Exercise objective:
From the entries that follow, reproduce exactly and only the lines from the line with "VEVOR Paneles de" to the line with "Mosaico fabricado en", endpoints included.

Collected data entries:
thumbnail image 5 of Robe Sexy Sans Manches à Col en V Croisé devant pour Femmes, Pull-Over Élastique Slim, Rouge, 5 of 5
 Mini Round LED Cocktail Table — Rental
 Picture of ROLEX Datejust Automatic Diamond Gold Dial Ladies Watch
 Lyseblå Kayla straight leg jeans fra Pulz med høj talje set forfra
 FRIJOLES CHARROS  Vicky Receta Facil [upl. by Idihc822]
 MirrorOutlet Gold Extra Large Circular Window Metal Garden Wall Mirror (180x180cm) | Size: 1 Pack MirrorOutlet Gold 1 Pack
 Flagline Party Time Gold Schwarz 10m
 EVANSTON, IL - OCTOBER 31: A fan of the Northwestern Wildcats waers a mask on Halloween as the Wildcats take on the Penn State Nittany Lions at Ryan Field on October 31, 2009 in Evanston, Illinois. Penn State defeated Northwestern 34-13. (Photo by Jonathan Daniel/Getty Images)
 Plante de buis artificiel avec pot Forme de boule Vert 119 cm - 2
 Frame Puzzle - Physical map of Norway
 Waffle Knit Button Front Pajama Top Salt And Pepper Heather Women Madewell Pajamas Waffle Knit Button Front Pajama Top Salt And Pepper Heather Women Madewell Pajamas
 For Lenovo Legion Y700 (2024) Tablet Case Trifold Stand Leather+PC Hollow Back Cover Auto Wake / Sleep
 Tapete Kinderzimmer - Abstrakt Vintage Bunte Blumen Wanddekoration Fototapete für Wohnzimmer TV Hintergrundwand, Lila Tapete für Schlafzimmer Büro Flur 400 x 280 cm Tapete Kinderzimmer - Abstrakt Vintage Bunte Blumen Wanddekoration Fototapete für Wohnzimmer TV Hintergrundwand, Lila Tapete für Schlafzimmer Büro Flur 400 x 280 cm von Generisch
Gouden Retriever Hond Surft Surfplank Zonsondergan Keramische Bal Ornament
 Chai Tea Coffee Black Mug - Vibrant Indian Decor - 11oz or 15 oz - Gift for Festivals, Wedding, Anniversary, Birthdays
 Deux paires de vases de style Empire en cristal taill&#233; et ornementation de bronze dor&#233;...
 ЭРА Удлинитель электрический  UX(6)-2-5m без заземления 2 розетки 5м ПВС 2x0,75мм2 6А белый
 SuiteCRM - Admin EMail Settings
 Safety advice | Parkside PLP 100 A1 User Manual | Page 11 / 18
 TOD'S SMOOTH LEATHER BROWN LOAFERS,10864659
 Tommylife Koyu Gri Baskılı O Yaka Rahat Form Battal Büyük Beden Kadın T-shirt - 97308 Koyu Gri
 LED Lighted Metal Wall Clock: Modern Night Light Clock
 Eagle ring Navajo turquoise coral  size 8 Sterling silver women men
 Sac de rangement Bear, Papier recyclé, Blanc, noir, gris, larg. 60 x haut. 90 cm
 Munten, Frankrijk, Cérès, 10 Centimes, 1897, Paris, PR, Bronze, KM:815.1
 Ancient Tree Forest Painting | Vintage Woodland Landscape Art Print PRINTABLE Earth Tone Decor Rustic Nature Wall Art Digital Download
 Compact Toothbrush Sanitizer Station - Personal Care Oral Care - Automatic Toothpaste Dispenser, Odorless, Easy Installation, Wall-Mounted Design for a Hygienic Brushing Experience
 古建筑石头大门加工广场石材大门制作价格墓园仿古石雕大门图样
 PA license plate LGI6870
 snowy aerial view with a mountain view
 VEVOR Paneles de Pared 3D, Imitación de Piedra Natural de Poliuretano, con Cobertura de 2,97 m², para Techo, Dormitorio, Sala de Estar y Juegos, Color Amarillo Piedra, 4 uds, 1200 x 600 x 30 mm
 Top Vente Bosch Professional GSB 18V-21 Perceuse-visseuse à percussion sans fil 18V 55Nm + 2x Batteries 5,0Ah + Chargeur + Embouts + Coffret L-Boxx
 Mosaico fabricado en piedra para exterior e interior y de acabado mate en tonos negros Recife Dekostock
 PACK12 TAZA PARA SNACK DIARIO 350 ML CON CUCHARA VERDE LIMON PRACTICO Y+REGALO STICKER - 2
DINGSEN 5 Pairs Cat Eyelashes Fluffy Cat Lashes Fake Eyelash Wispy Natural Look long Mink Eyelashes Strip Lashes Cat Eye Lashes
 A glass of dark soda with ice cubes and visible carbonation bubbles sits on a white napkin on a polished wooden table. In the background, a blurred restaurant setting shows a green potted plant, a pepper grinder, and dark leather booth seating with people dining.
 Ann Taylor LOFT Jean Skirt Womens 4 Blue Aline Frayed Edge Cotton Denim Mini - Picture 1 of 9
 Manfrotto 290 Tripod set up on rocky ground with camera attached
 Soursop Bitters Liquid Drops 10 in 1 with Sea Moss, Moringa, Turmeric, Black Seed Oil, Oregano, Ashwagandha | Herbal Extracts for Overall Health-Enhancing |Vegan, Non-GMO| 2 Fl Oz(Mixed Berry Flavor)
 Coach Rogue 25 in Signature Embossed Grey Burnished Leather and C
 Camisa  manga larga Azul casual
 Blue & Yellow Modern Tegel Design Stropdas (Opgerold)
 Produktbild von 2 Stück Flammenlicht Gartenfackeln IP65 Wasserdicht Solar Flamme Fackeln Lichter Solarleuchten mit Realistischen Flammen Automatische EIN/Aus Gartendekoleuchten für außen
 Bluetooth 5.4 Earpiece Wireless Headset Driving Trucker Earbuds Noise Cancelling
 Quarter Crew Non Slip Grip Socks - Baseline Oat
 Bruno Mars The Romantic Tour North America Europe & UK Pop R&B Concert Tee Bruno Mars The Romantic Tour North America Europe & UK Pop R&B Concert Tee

Reply to the exercise:
 VEVOR Paneles de Pared 3D, Imitación de Piedra Natural de Poliuretano, con Cobertura de 2,97 m², para Techo, Dormitorio, Sala de Estar y Juegos, Color Amarillo Piedra, 4 uds, 1200 x 600 x 30 mm
 Top Vente Bosch Professional GSB 18V-21 Perceuse-visseuse à percussion sans fil 18V 55Nm + 2x Batteries 5,0Ah + Chargeur + Embouts + Coffret L-Boxx
 Mosaico fabricado en piedra para exterior e interior y de acabado mate en tonos negros Recife Dekostock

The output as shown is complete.